Sure, they can be ordered online. But what has happened to carrying at least those titles in major bookstores (titles, by the way, which always sold copies)? Where are our new authors? Our old, established authors? Why are we constantly seeing reconfigurations of the same authors and stories? What are they doing to our genre?
For many, there is the sensation that the future is bleak. Has the genre fallen on hard times, or are we being gaslighted into oblivion? Are Horror fans still out there, and what can we do as writers to try to bring things back to better sales plateaus?

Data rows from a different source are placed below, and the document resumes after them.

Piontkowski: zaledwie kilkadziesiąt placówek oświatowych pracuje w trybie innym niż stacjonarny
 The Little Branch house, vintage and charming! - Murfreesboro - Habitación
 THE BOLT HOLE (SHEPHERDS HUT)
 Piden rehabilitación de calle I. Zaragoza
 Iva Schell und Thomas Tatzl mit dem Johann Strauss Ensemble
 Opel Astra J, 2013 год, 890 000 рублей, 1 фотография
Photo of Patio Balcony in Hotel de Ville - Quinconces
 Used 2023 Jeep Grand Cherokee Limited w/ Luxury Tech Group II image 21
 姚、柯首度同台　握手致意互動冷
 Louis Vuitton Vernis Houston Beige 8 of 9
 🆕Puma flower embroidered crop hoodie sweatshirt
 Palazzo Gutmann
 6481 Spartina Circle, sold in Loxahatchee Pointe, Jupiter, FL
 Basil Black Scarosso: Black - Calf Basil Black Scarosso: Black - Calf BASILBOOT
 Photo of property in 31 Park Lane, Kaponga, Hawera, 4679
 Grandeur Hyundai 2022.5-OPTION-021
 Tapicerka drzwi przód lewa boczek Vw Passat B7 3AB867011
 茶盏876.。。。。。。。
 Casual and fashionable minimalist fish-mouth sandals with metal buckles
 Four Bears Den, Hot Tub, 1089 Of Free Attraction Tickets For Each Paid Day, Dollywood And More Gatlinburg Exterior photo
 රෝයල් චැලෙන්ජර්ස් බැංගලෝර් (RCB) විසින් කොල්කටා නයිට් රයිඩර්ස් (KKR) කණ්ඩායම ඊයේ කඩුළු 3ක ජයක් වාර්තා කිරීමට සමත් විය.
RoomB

The truth is that Horror as a genre is reinventing itself. And that means the real question is not are fans and new writers out there, but will you be part of the Renaissance?
Masks of the Internet
One issue we are dealing with in our genre is the problem of the Internet. That’s right – problem.
Today’s internet control of Literature is like going into your local library and finding everything dumped on the floor. The only thing anyone tells you is that it is in the heap…somewhere.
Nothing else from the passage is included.